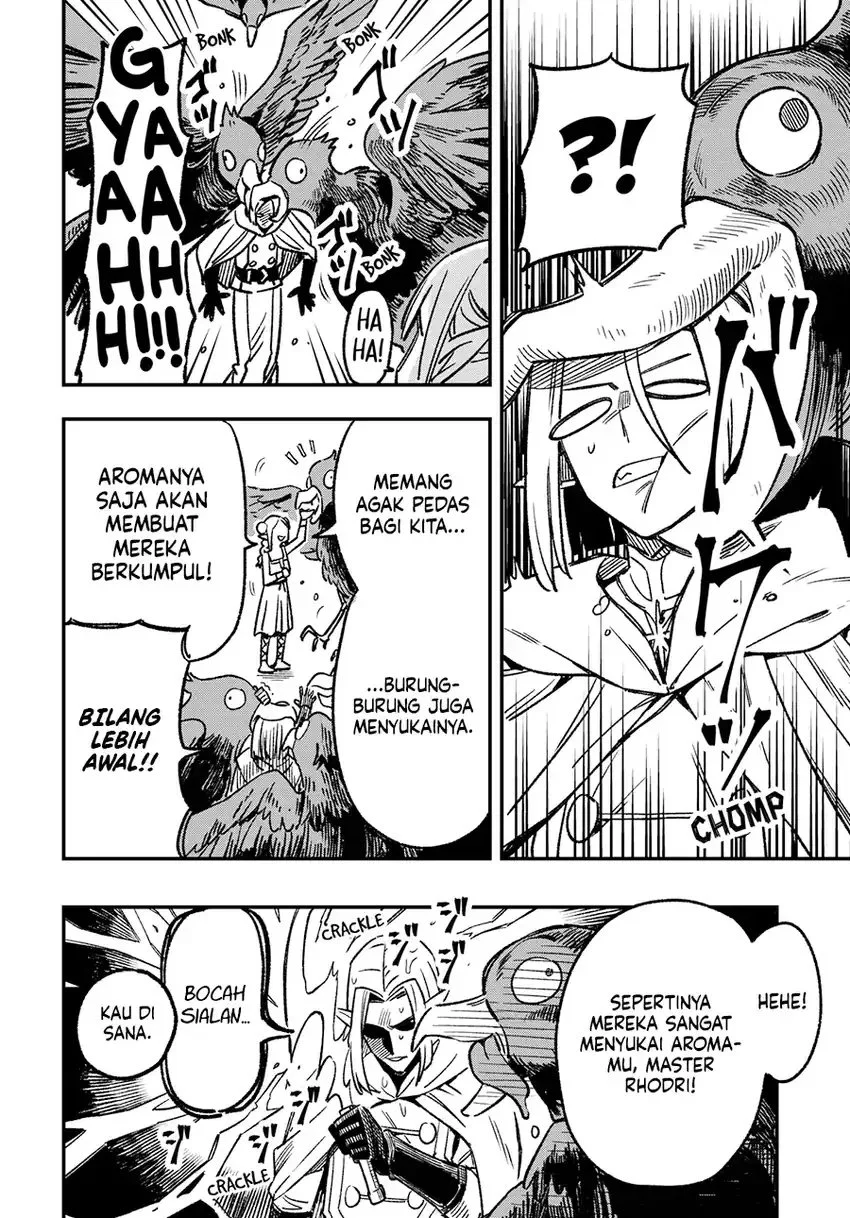 Money Forest chapter 2 halaman 11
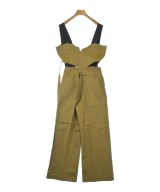 TELOPLAN（テーロプラン）オールインワン/サロペット ベージュ サイズ:S レディース/2200641285028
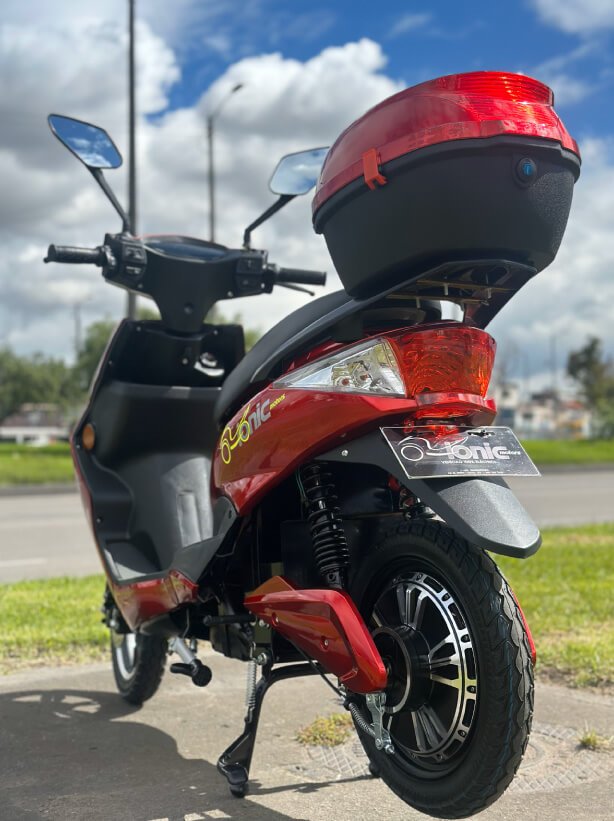 Ionic Scooters Moto 1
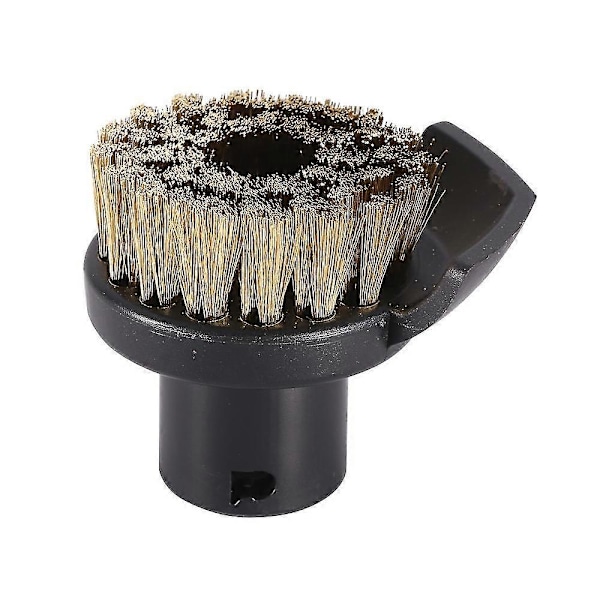 Passar Karcher Ångrengöringsmaskin SC1 SC2 SC3 SC4 SC5 SC7 CTK10 CTK20 Tillbehör Borst Huvud Kraftfull Munstycke Tillbehör (Fem Borst Huvuden)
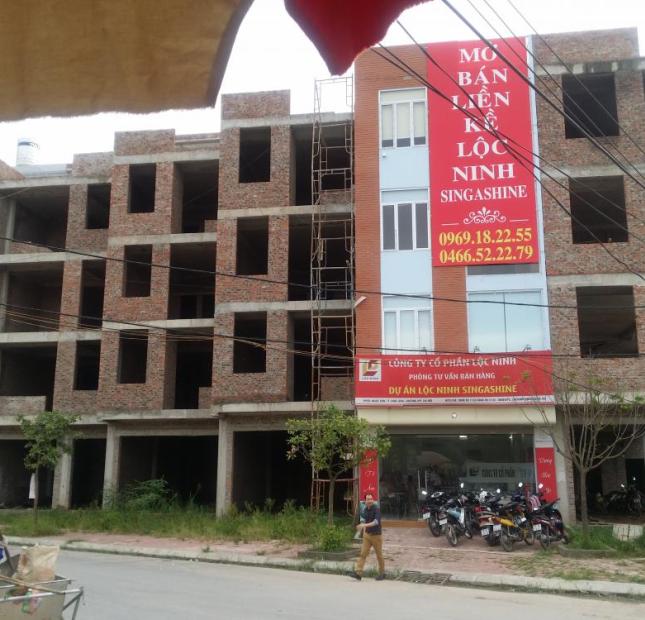 Mở bán biệt thự liền kề Lộc Ninh – Chỉ với 420tr ký hợp đồng chuyển nhượng quyền sở hữu đất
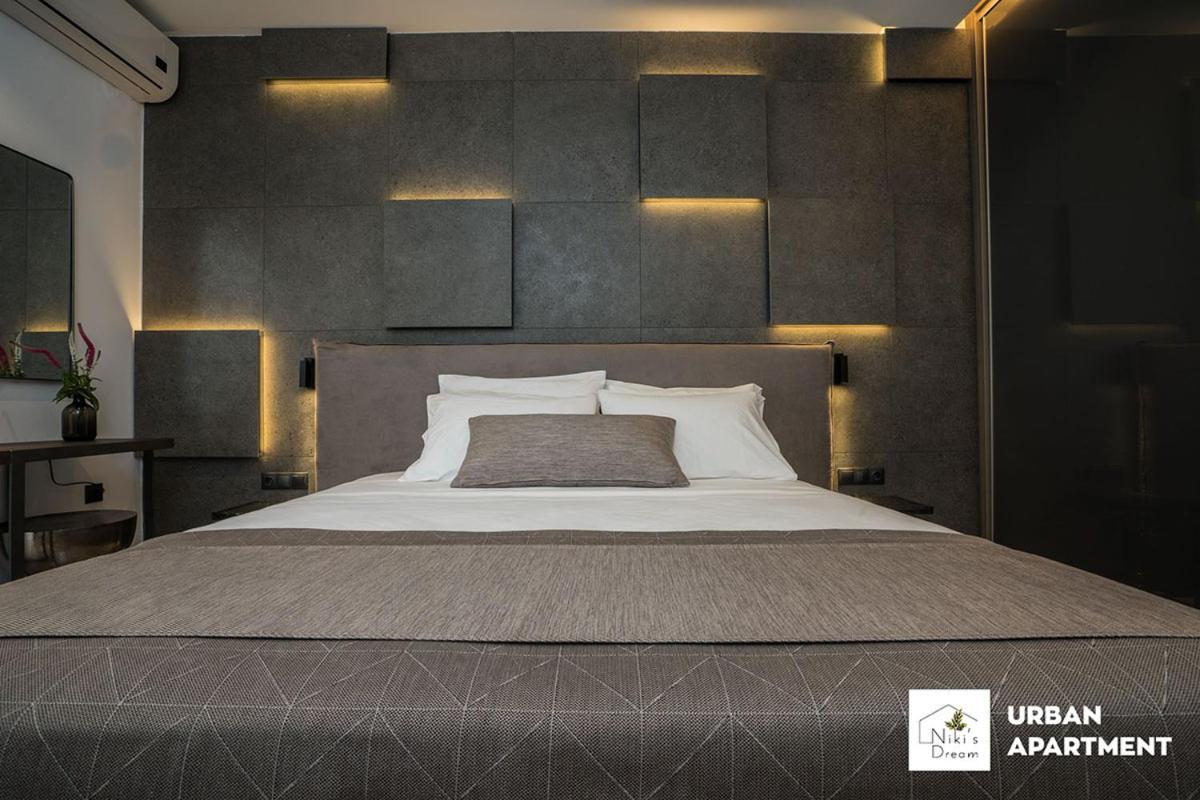 Nikis Dream Luxury Apartments La Canée Extérieur photo
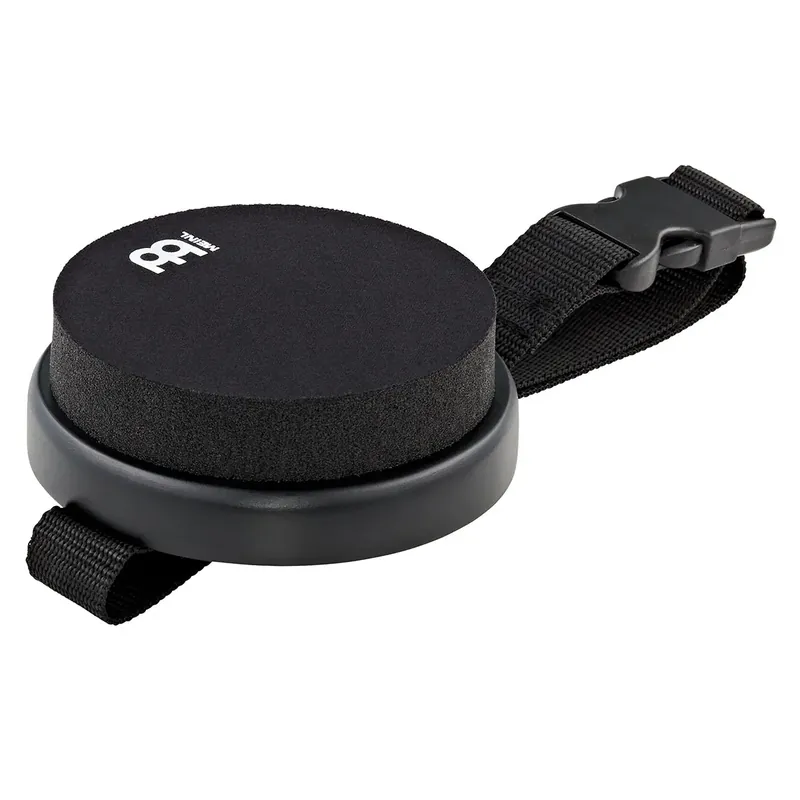 Jusqu'à Épuisement Des Stocks Practice Pad Meinl 04" Marshmallow Black Genou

• • • • • • •

#### [WHAT YOU SHOULD DO]
In the listing above, find the line containing "Ionic Scooters Moto 1". Output it and every line after it up to and including the line containing "Nikis Dream Luxury", exactly, but skip the pictures.

#### [SOLUTION]
 Ionic Scooters Moto 1
 Passar Karcher Ångrengöringsmaskin SC1 SC2 SC3 SC4 SC5 SC7 CTK10 CTK20 Tillbehör Borst Huvud Kraftfull Munstycke Tillbehör (Fem Borst Huvuden)
 Mở bán biệt thự liền kề Lộc Ninh – Chỉ với 420tr ký hợp đồng chuyển nhượng quyền sở hữu đất
 Nikis Dream Luxury Apartments La Canée Extérieur photo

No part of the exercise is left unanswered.